US 11,756,076 B2
Systems and methods for providing sponsored recommendations
Kaushiki Nag, Sunnyvale, CA (US); Kannan Achan, Saratoga, CA (US); and Lalitesh Morishetti, Sunnyvale, CA (US)
Assigned to Walmart Apollo, LLC, Bentonville, AR (US)
Filed by Walmart Apollo, LLC, Bentonville, AR (US)
Filed on Feb. 26, 2021, as Appl. No. 17/187,507.
Prior Publication US 2022/0277345 A1, Sep. 1, 2022
Int. Cl. G06Q 30/0251 (2023.01); G06N 5/04 (2023.01); G06N 20/00 (2019.01)

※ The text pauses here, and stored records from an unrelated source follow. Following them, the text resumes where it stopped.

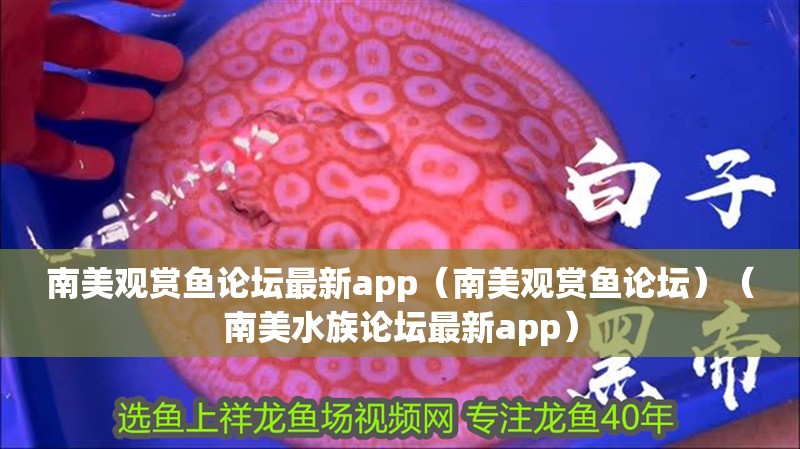 南美觀賞魚論壇最新app（南美觀賞魚論壇）（南美水族論壇最新app）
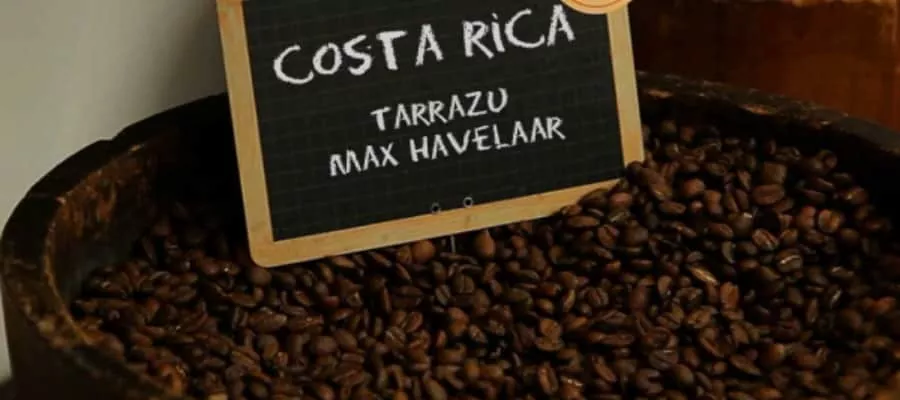 PLANTATION DE CAFÉ 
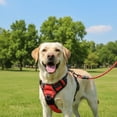 thumbnail image 2 of Nallwabiu No Pull Dog Harness Adjustable Vest with a Training Handle, Pocket, Easy to Put on & Take Off, With dog leash, 2 of 4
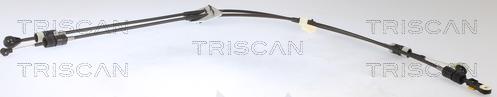 Triscan 8140 16725 - Трос, наконечник, ступенчатая коробка передач autosila-amz.com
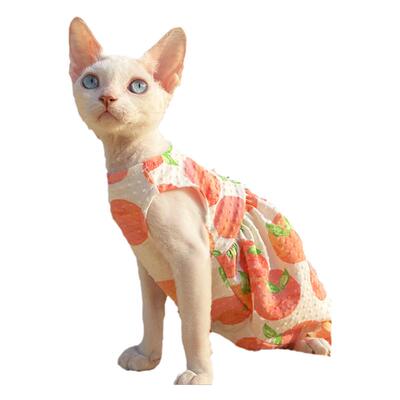 斯芬克斯德文泡泡袖轻薄无毛猫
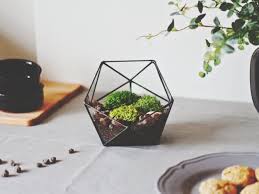 With its geometric design and gold frame, the white metal wall planters are stylish, and the perfect accent to any decor. 16 Stunning Geometric Planter Designs For The Perfectionist In You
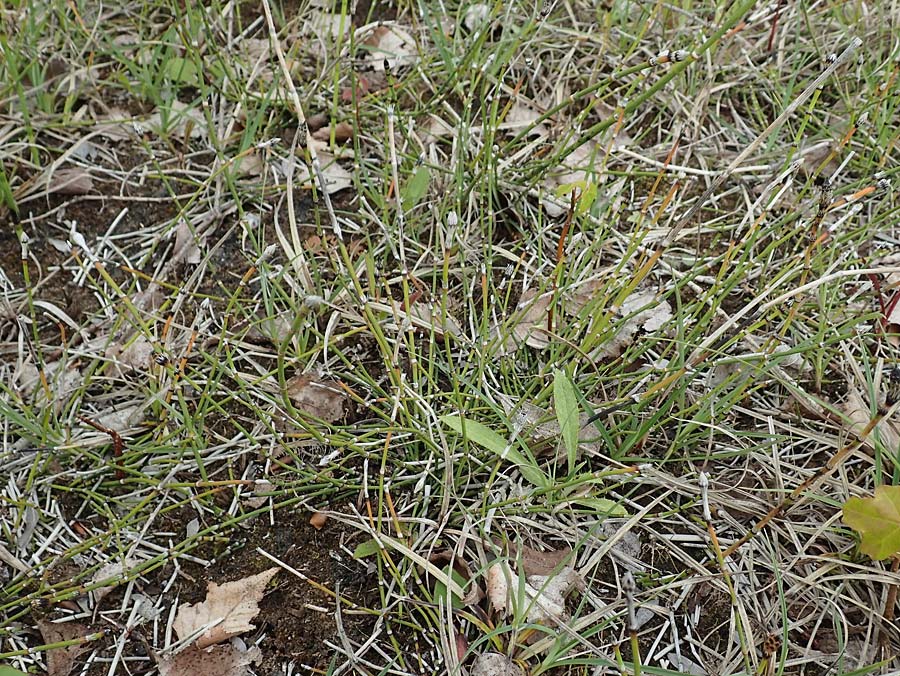 Equisetum variegatum \ Bunter Schachtelhalm / Variegated Horsetail, D Hagen 11.6.2020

CPC G06Q 30/0254 (2013.01) [G06N 5/04 (2013.01); G06N 20/00 (2019.01)] 20 Claims
OG exemplary drawing
 
1. A system comprising:
a computing device configured to:
obtain user data associated with a user from a database;
obtain a plurality of items based on the user data, the plurality of items including a plurality of relevant items and a plurality of promotional items, wherein each of the relevant items includes an associated relevancy score;
determine a page limit and a number of positions within a page including a number of carousels or panes, for a user interface;
obtain session data for a current session associated with the user;
generate a set of tensors representative of each of the plurality of items, the user data, the session data, and the associated relevancy score for each of the relevant items;
a implement a Deep Q-network configured to receive a first subset of the set of tensors, wherein the Deep Q-network is configured to generate one or more combinations of the plurality of items by injecting the plurality of promotional items at different positions amongst the plurality of relevant items, according to the page limit and the number of positions, wherein the Deep Q-network is configured to maximize a profit function that assigns an expected profit margin for each item at a position in the user interface and a contribution profit for each item, wherein the Deep Q-network is configured to maintain relevancy of each of the one or more combinations of the plurality of items, and wherein each of the one or more combinations of the plurality of items comprises a subset of the plurality of items;
select a selected set of items from the one of the one or more combinations of the plurality of items, wherein the selected set of items is selected by a position model configured to receive a second subset of the set of tensors and an output of the Deep Q-network;
present, via the user interface displayed on a display, the selected set of items to the user; and
refine a machine learning model based on the selected set of items wherein the machine learning model is refined using an experience relay to reduce correlations and a mean square error loss function, wherein the machine learning module is configured to generate the plurality of relevant items and the plurality of promotional items.